Exercise objective → Retype the following data exactly, but leave its pictures out.

═══ Dataset extract ═══

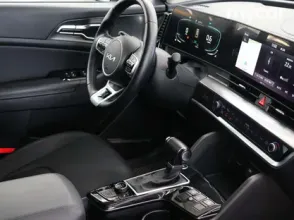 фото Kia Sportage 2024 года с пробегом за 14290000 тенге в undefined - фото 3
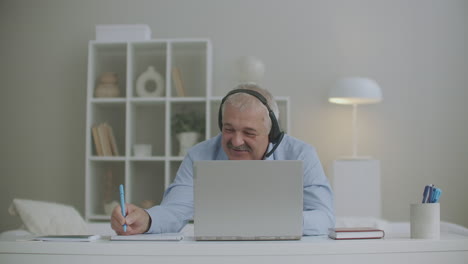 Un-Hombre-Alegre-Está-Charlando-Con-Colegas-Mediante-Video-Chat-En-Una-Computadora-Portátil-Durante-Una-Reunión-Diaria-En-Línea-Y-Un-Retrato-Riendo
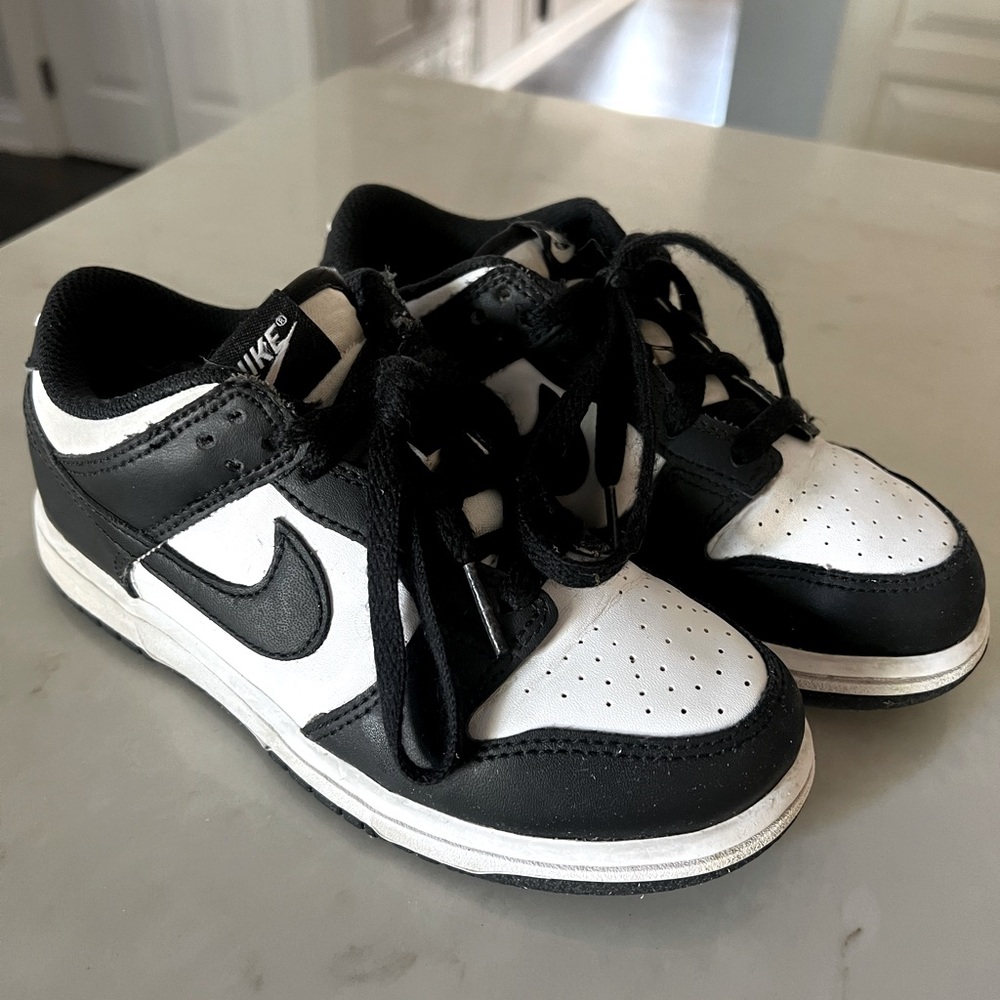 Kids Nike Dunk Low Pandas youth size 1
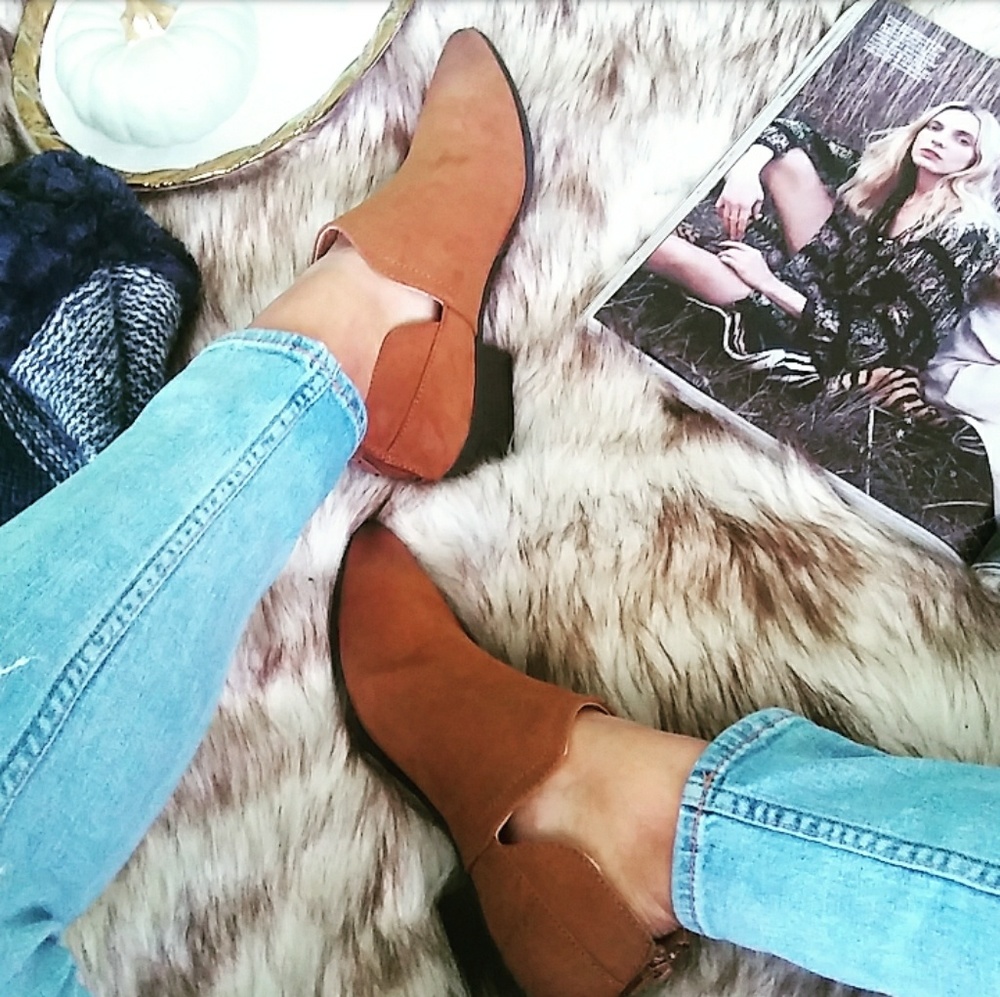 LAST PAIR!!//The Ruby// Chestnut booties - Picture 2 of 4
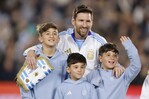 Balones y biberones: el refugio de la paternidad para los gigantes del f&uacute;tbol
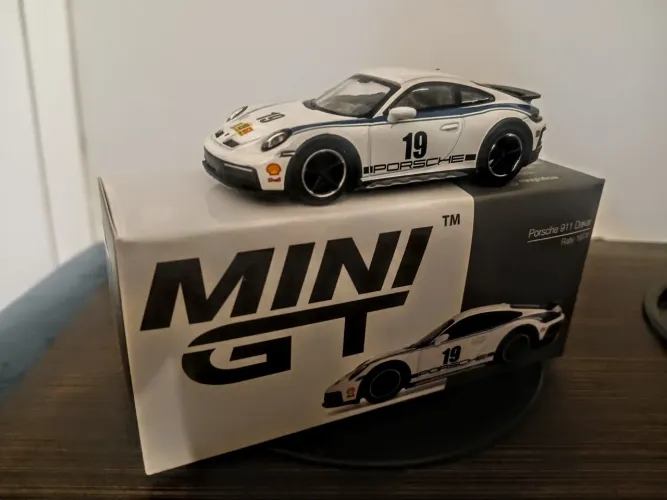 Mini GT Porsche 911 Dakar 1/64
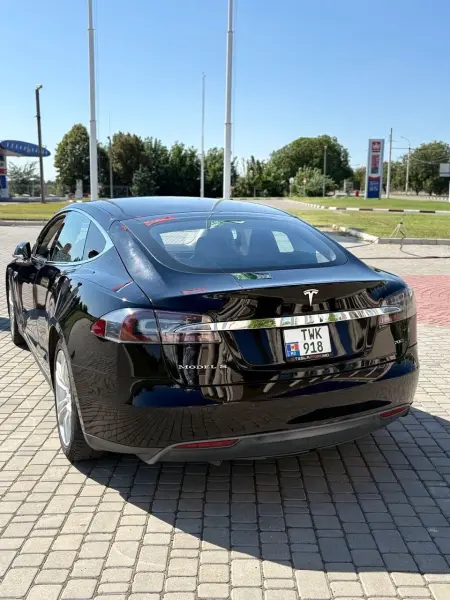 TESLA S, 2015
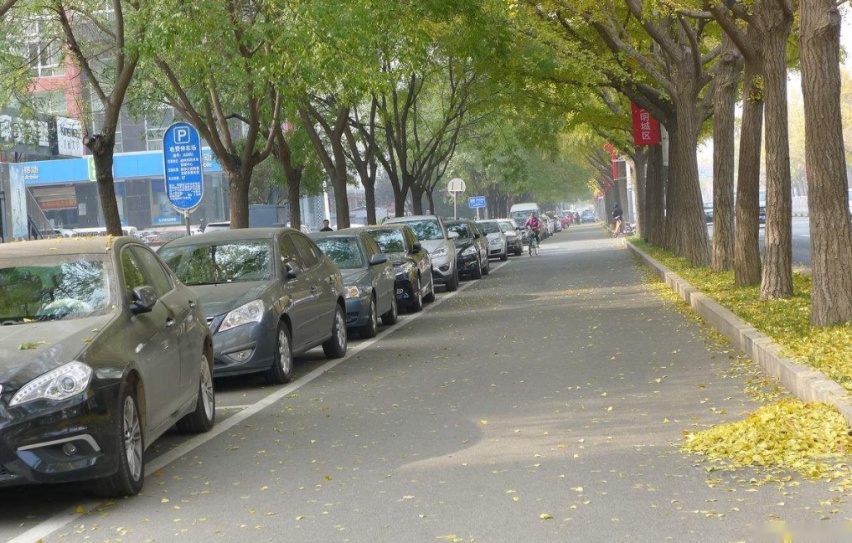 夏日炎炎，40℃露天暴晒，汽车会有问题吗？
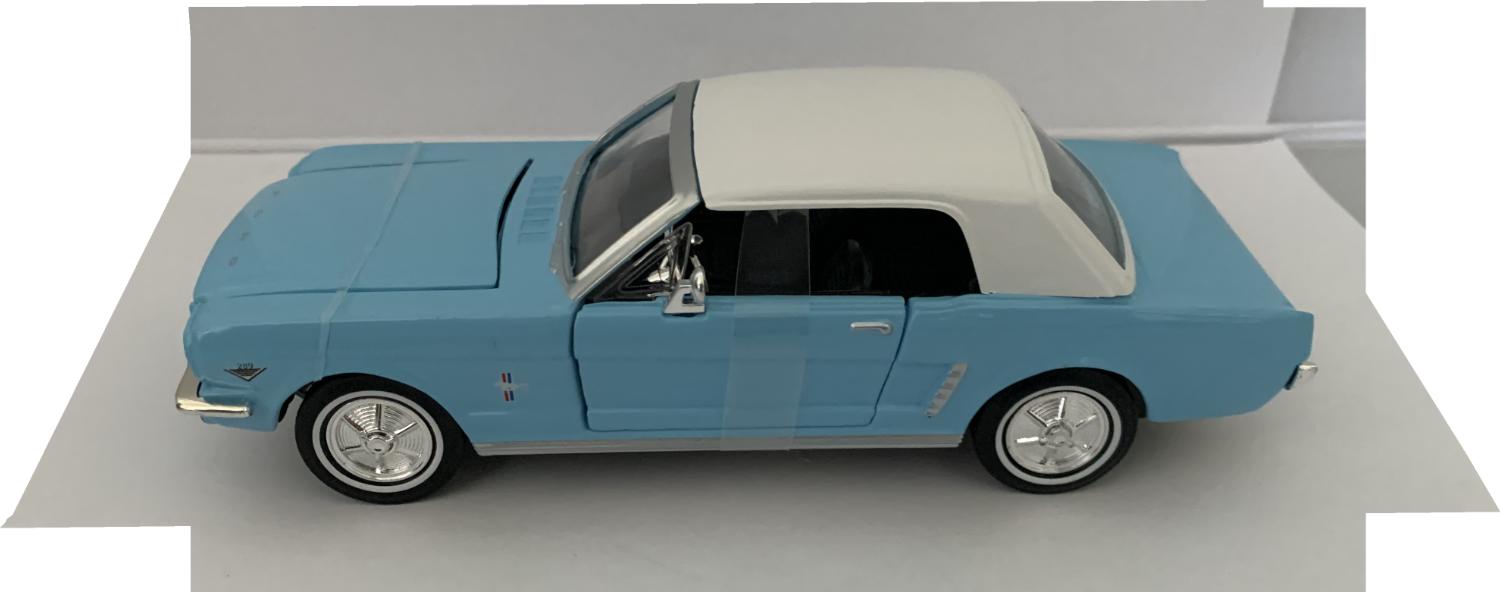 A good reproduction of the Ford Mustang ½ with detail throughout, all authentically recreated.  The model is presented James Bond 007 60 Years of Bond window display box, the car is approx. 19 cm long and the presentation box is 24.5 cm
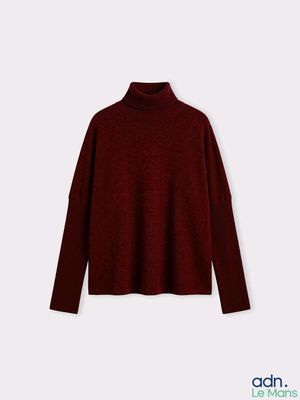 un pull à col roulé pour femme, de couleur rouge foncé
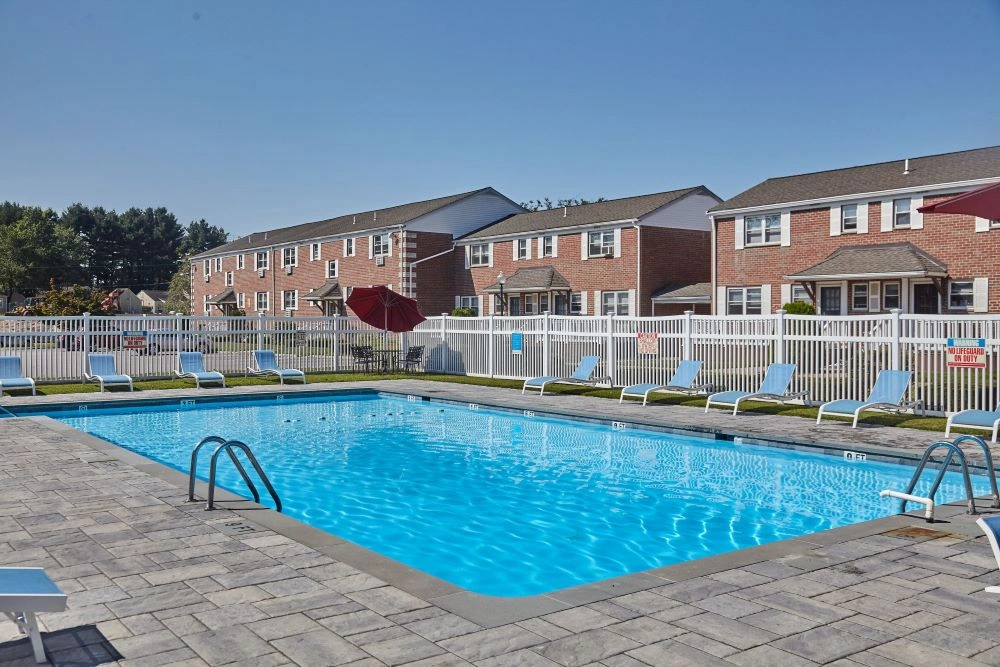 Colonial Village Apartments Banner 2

═══

Exercise solution →
 фото Kia Sportage 2024 года с пробегом за 14290000 тенге в undefined - фото 3
 Un-Hombre-Alegre-Está-Charlando-Con-Colegas-Mediante-Video-Chat-En-Una-Computadora-Portátil-Durante-Una-Reunión-Diaria-En-Línea-Y-Un-Retrato-Riendo
 Kids Nike Dunk Low Pandas youth size 1
 LAST PAIR!!//The Ruby// Chestnut booties - Picture 2 of 4
 Balones y biberones: el refugio de la paternidad para los gigantes del f&uacute;tbol
 Mini GT Porsche 911 Dakar 1/64
 TESLA S, 2015
 夏日炎炎，40℃露天暴晒，汽车会有问题吗？
 A good reproduction of the Ford Mustang ½ with detail throughout, all authentically recreated.  The model is presented James Bond 007 60 Years of Bond window display box, the car is approx. 19 cm long and the presentation box is 24.5 cm
 un pull à col roulé pour femme, de couleur rouge foncé
 Colonial Village Apartments Banner 2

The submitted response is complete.